Elaborare qualcosa che è stato causa di sofferenza è un’operazione difficile perché devi fare i conti con i tuoi sensi di colpa, con i tuoi limiti personali, le lacrime versate – il più delle volte inutilmente – e soprattutto con i tuoi errori. È un percorso irto di ostacoli, ma quando arrivi finalmente alla fine, ti senti di conoscere meglio te stesso ed è il momento, allora, di ridefinire il modo con cui affronti la vita e ti relazioni agli altri.
Spesso ci attacchiamo a situazioni, persone o cose che siamo convinti ci facciano bene e siano fondamentali per il nostro equilibrio, ma poi, dopo il processo di rielaborazione dei nostri stessi sentimenti e delle nostre emozioni, concludiamo che stavamo solo vivendo qualcosa di malsano, eravamo finiti in una palude e stavamo lentamente, ma inesorabilmente, affogando.
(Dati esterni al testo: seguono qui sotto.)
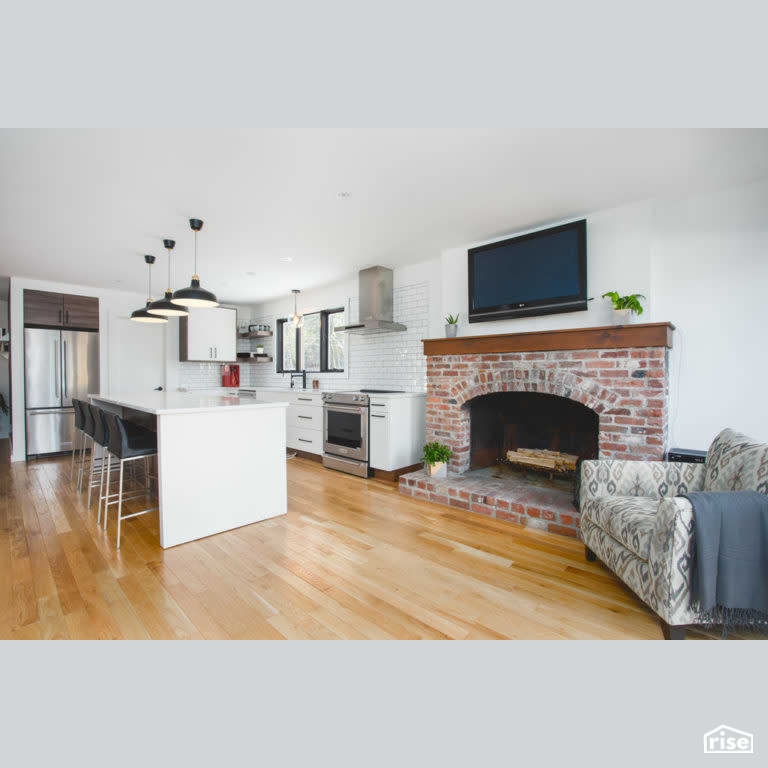 Joyfully Warm Rothesay Reno Kitchen with Gas Range by Vantage Build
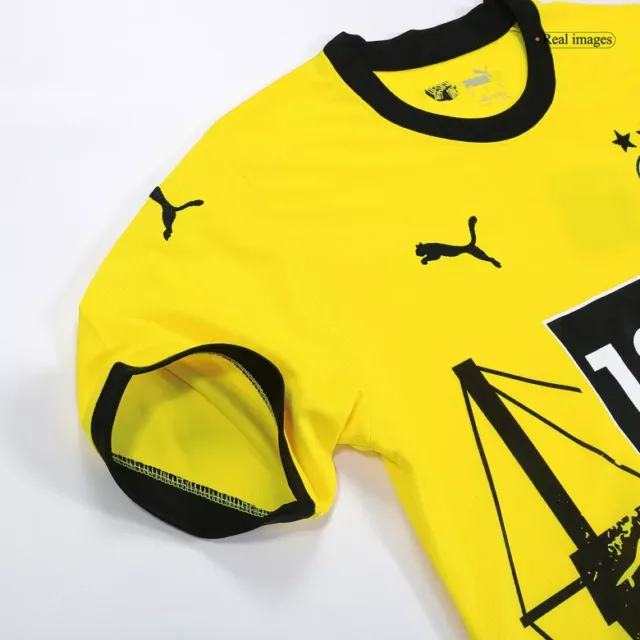 a yellow shirt with black designs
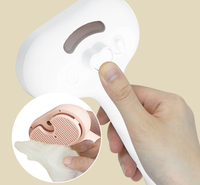 Brosse à vapeur autonettoyante pour le toilettage des poils d'animaux.
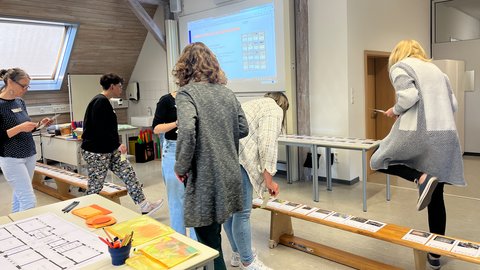 Mehrere Personen stehen und gehen in einem hellen Raum mit Holzbalken, an einer langen Bank liegen Karten oder Papiere, im Hintergrund ist eine Projektionsfläche an der Wand zu sehen.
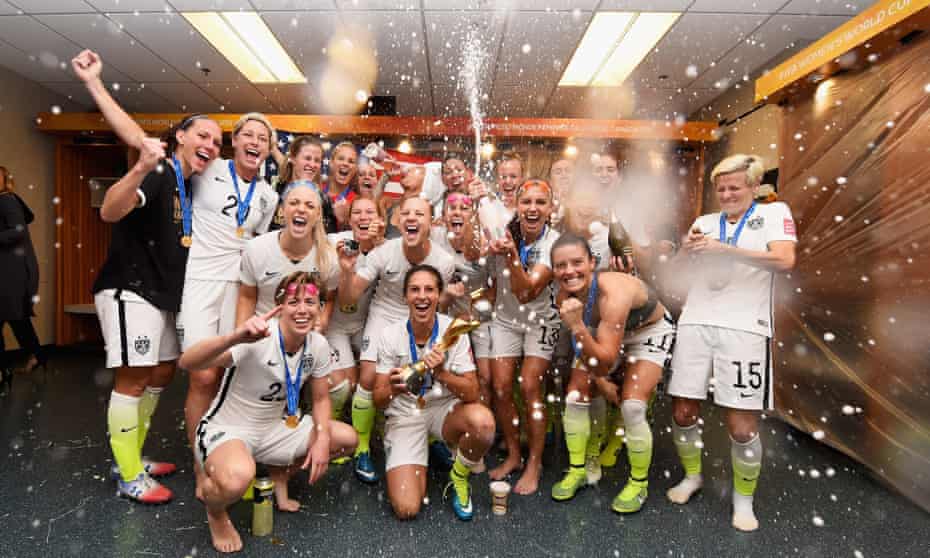 Carli Lloyd celebrates with the trophy and her team mates in the locker room after winning the FIFA Women’s World Cup 2015 Final between USA and Japan.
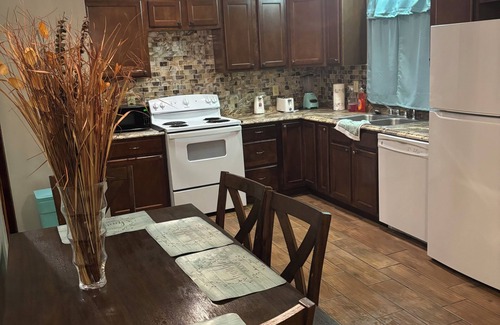 Petersburg House | A large room in Prince George County that has a King size bed and an ensuite.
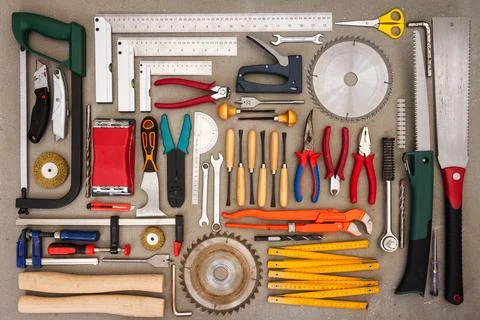 Flat lay of old hand tools on concrete background. Stock Photos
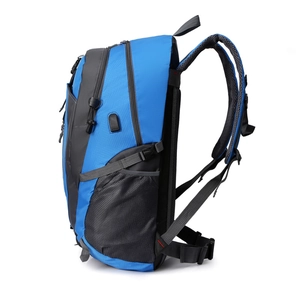 Royal blue waterproof outdoor travel backpack with USB charging port and mesh side pocket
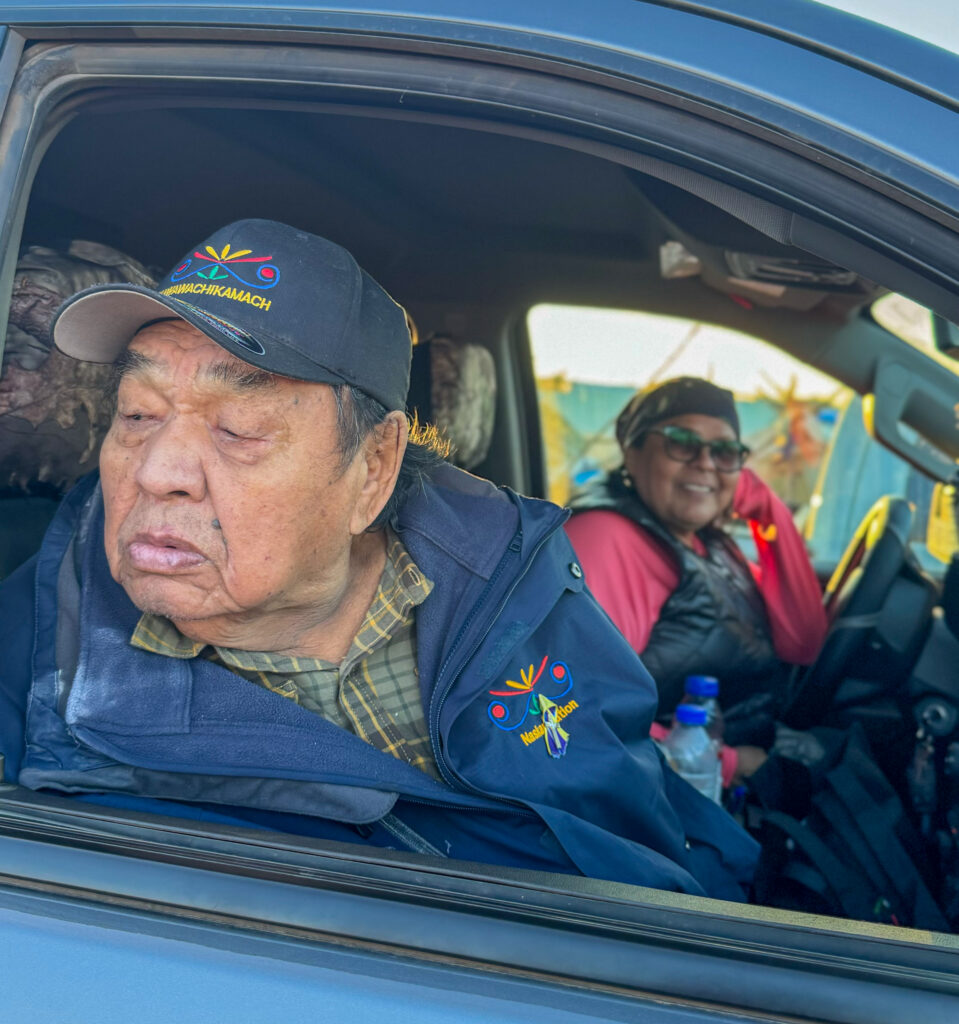 An elderly man sits in the passenger seat of a car, wearing a baseball cap with "Kawawachikamach" embroidered on it. His expression is calm, looking out the window. In the driver's seat is a woman smiling, also wearing a cap and sunglasses. They are dressed warmly, and the scene appears to capture a relaxed moment between the two.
È cosi che nasce questo secondo album di Alexandra Savior, da Portland, nell’Oregon, come una sorta di cammino interiore verso l’accettazione ed il ritrovato equilibrio: da un lato, quindi, Alexandra dà vita ad atmosfere cinematografiche e spettrali, cariche di tensione e malinconia, nelle quali l’abbandono, la solitudine ed il dolore assumono vera e propria consistenza materiale; dall’altro il disco nel suo insieme è sferzato dai venti della speranza, dalla voglia di tirarsi fuori dalla palude e riprendersi la propria libertà. È l’unico modo di guarire dall’isolamento nel quale ci siamo rifugiati.
Non è un cammino lineare ed il disco, a volte, ne risente: ci sono momenti di stallo, ma tutto sommato la suadente e coinvolgente voce dell’artista americana, che passa dall’essere calda, limpida e sognante, all’essere dolente, torbida e meditativa, unita al suo interessante e fresco song-writing, si sposa, con naturalezza, alle diverse sonorità che convivono nel background: il trip-hop, che pulsa dalle ferite aperte nello spirito, si mescola a panorami e scenari dream-pop retrò ed accattivanti ed il cielo, che era grigio, metallico e pesante, si fa pian, piano sempre più terso.